The taste of the hanging silence has changed. Before, it was bitter and stringy, drooping with the weight of words unsaid, of actions misinterpreted, and the sour taint of insecurity. They were out of sync, Viktor rushing through the pages of a book as Yuuri attempted to write on it, to leave defining marks on a whirlwind, fairytale romance that seemed doomed to fail.

Now, Viktor finds himself picking up Yuuri’s orange soda at the supermarket when it runs out, curling his hands around Yuuri’s and watching their rings glint together in evening half-light, and waking up to black strands of feathery lightness splayed against his bare chest. They are inexplicably connected.

(This is not the life he wanted for himself when he was sixteen. When he’d won his first Grand Prix, and _it can’t get better than this, I’m on top of the world_.)

(He pities the man he was -- _I wish I could tell you what I’d become_.)

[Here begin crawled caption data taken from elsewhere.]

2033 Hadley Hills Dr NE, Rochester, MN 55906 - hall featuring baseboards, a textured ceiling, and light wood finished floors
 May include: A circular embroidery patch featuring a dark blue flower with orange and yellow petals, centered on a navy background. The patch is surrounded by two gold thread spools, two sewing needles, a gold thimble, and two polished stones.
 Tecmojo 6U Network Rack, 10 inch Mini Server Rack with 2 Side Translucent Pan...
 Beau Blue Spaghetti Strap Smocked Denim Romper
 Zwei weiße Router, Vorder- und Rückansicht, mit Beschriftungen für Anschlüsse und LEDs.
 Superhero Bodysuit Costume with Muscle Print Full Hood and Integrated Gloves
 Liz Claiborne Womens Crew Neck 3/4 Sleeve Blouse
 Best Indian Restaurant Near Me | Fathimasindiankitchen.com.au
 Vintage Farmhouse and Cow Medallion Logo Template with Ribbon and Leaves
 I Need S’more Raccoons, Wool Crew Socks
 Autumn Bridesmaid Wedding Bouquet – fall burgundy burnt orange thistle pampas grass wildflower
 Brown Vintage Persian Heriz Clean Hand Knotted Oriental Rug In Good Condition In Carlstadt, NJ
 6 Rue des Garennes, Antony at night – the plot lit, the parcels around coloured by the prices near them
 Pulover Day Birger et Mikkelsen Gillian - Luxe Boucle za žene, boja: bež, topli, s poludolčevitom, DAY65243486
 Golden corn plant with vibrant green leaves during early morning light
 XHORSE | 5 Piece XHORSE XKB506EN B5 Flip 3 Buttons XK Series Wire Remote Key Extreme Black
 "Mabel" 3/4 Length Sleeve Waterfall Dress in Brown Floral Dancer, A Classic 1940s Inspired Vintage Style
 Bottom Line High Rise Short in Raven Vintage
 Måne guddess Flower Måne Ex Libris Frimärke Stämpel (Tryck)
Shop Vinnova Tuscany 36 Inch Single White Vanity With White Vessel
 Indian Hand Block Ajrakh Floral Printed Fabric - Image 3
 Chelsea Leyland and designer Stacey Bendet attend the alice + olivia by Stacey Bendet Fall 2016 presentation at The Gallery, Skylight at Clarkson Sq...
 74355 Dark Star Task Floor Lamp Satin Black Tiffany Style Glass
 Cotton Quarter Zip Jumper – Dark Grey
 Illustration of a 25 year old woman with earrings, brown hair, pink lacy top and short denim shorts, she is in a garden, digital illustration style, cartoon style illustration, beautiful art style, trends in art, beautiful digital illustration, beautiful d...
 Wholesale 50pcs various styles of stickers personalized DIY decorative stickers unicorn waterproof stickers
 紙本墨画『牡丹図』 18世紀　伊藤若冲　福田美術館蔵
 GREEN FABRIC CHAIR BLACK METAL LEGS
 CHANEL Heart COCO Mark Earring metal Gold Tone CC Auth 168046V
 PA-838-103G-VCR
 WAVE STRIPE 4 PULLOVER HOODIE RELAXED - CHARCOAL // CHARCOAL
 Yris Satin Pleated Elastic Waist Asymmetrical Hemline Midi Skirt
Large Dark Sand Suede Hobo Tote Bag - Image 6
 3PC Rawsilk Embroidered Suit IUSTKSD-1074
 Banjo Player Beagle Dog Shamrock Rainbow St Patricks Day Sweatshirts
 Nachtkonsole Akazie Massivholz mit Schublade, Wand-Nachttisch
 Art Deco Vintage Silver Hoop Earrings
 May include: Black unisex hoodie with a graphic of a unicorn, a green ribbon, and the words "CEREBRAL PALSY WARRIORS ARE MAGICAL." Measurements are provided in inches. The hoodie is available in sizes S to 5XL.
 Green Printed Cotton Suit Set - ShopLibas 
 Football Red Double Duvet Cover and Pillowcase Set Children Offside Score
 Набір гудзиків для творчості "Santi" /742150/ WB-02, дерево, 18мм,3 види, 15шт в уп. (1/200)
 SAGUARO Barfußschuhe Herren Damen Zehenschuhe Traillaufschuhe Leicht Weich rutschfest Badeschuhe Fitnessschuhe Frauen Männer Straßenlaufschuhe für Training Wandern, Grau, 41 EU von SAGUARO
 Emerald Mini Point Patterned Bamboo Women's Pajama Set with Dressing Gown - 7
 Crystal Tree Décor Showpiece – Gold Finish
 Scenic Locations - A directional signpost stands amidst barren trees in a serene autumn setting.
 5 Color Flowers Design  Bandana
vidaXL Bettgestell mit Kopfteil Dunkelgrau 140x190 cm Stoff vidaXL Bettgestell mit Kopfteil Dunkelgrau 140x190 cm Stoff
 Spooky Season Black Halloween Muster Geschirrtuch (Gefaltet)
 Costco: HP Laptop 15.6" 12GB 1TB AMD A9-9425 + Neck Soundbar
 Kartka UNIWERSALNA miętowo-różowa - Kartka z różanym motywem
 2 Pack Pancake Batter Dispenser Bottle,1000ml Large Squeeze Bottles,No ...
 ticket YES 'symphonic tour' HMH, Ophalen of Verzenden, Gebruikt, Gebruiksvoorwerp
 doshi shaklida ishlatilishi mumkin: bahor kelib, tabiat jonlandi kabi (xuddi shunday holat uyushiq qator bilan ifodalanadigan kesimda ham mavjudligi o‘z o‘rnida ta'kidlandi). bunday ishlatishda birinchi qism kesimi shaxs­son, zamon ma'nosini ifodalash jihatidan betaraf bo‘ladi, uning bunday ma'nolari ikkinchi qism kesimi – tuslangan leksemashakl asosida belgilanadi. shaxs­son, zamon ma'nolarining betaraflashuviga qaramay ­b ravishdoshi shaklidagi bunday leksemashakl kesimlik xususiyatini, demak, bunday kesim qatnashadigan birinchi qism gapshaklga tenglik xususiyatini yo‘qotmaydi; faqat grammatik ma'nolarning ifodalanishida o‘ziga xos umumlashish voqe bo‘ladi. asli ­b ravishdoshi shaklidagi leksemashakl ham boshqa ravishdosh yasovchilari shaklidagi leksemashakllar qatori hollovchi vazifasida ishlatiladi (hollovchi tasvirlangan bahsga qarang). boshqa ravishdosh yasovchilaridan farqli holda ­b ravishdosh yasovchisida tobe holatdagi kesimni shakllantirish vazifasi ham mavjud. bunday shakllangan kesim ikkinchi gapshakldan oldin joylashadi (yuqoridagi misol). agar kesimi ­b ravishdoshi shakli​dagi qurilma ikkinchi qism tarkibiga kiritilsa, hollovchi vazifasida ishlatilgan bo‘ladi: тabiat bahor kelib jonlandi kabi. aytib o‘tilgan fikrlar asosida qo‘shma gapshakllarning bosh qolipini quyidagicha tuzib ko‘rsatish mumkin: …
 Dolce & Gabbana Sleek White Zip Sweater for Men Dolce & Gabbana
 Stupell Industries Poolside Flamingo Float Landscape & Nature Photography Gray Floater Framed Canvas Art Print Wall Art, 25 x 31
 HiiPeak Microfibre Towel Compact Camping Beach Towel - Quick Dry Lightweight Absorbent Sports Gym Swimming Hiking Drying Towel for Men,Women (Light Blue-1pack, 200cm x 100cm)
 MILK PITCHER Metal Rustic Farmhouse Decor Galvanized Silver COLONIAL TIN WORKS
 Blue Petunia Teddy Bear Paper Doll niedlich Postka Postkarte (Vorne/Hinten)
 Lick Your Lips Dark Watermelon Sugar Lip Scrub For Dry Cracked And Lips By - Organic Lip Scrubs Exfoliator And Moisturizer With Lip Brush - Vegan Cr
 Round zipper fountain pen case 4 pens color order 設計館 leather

“I’m going to go to the bathroom, Vitya,” Yuuri says through a mouthful of borscht.

Viktor still has no idea why he likes the dish; to him, it looks like chunky blood and reminds him of Yuri smashing the vegetables into gooey semisolid puddles when Yakov chides him for mechanical choreography or for secretly practicing quad toe loops.

He only looks up when a thin, blond man slides into the seat Yuuri has just vacated.

“Hello there, beautiful,” he slurs thickly in Russian. “Want to ditch the piggy and come have a pint?”

Viktor is still in his early thirties, but he looks much younger than that when he smiles.

(Here is a fact: According to Yuuri Katsuki-Nikiforov, he looks much prettier when he smiles, too.)

(Here is another fact: He is not smiling right now.)

Along with the pirozhki disintegrating in the acidic environment of his stomach, there is a turbulent sensation and for a moment, Viktor thinks he might get sick. It takes him a few moments to understand that the feeling is disgust.

“I’m taken,” he bites out (and he has to make this man leave before Yuuri comes back, because -- this brings back bad memories of himself calling Yuuri a pig, of encouraging a subtle kind of bullying in the name of jumpstarting improvement -- today is Yuuri’s birthday and he loves him, loves him, loves him so much and would give him the world if he would only ask for it --). “That’s my husband’s seat. Please leave me alone.”

“Oh, but I’m sure I can show you a good time --,” he stops abruptly.

There’s a shadow over Viktor’s shoulder. If Viktor is the sun, Yuuri is a streaking cirrus cloud, not dim or overcast, but just there.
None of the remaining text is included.